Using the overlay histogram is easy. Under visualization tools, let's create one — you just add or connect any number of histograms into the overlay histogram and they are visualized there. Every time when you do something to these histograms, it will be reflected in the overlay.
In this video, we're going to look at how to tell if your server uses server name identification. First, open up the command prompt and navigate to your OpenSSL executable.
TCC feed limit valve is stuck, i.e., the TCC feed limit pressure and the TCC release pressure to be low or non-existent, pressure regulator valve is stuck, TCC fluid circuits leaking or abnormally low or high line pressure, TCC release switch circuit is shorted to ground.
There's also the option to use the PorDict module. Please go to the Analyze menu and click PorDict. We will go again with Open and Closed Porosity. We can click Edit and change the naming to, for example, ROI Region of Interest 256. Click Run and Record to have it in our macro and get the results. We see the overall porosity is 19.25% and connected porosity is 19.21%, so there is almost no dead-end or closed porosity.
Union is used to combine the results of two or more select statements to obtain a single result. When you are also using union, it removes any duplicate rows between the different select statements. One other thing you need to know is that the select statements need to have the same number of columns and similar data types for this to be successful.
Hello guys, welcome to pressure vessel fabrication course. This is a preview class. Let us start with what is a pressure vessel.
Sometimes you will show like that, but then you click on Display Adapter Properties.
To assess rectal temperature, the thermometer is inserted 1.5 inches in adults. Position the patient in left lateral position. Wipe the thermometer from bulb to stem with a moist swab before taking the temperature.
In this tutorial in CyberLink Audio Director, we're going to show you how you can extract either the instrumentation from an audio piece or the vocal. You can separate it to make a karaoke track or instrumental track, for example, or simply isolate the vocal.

────────────────

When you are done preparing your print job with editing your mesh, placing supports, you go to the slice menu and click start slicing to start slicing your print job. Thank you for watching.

────────────────

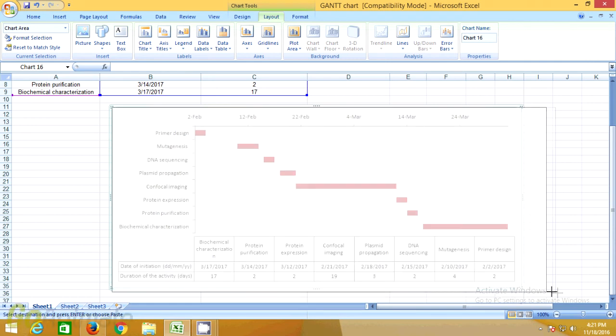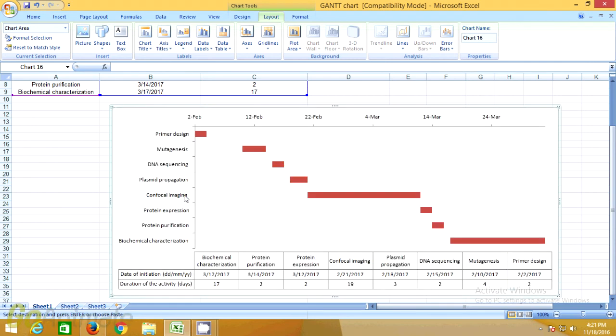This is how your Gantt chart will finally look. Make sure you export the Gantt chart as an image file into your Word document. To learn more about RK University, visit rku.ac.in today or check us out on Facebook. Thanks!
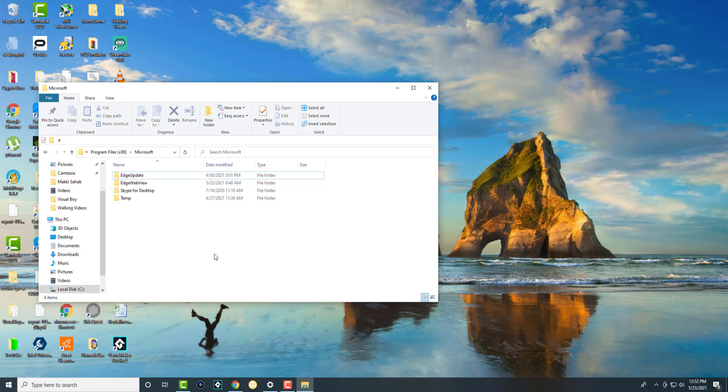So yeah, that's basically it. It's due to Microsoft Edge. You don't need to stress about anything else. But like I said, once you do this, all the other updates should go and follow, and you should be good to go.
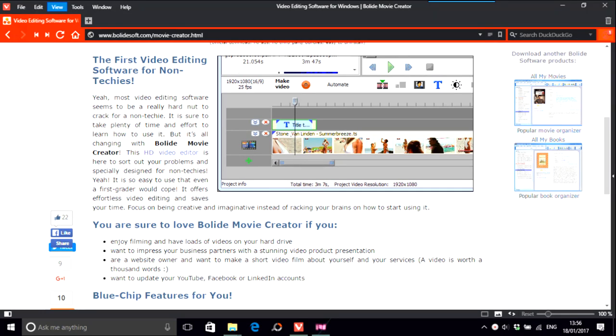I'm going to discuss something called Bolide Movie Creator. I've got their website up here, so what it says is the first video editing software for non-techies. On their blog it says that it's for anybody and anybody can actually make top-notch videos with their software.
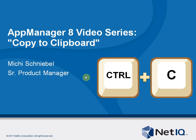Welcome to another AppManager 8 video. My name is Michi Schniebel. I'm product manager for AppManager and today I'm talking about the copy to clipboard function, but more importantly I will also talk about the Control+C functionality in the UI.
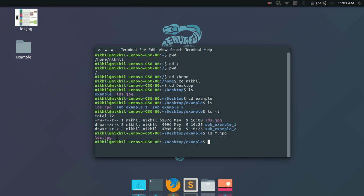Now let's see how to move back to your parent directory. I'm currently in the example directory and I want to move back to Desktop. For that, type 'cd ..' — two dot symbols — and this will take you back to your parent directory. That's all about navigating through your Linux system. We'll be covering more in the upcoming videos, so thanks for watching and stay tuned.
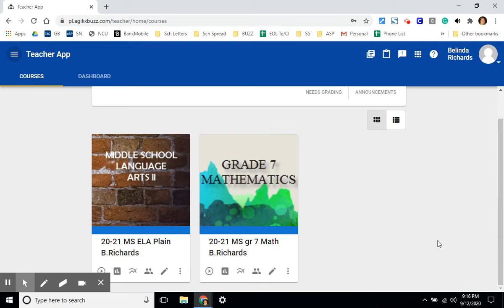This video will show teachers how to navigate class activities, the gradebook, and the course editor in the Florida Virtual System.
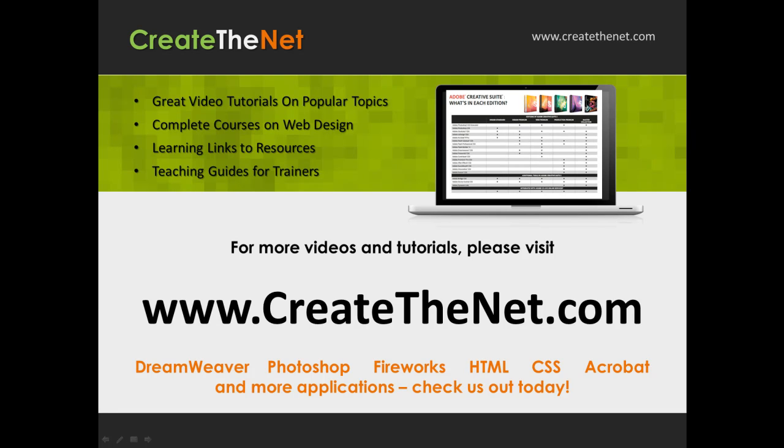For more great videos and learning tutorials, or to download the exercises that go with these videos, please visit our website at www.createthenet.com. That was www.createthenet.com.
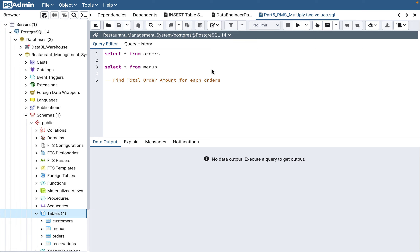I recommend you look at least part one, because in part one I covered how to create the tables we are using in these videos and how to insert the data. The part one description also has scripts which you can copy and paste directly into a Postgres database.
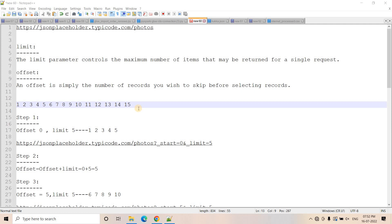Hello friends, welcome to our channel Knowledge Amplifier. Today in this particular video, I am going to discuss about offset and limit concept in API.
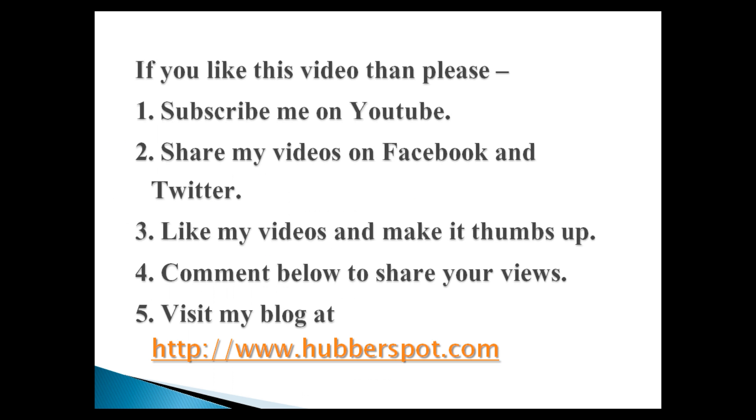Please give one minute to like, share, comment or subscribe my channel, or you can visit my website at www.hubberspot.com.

────────────────

- What is needed: Across the listing above, report every line where "pressure" occurs.

- Task answer:
TCC feed limit valve is stuck, i.e., the TCC feed limit pressure and the TCC release pressure to be low or non-existent, pressure regulator valve is stuck, TCC fluid circuits leaking or abnormally low or high line pressure, TCC release switch circuit is shorted to ground.
Hello guys, welcome to pressure vessel fabrication course. This is a preview class. Let us start with what is a pressure vessel.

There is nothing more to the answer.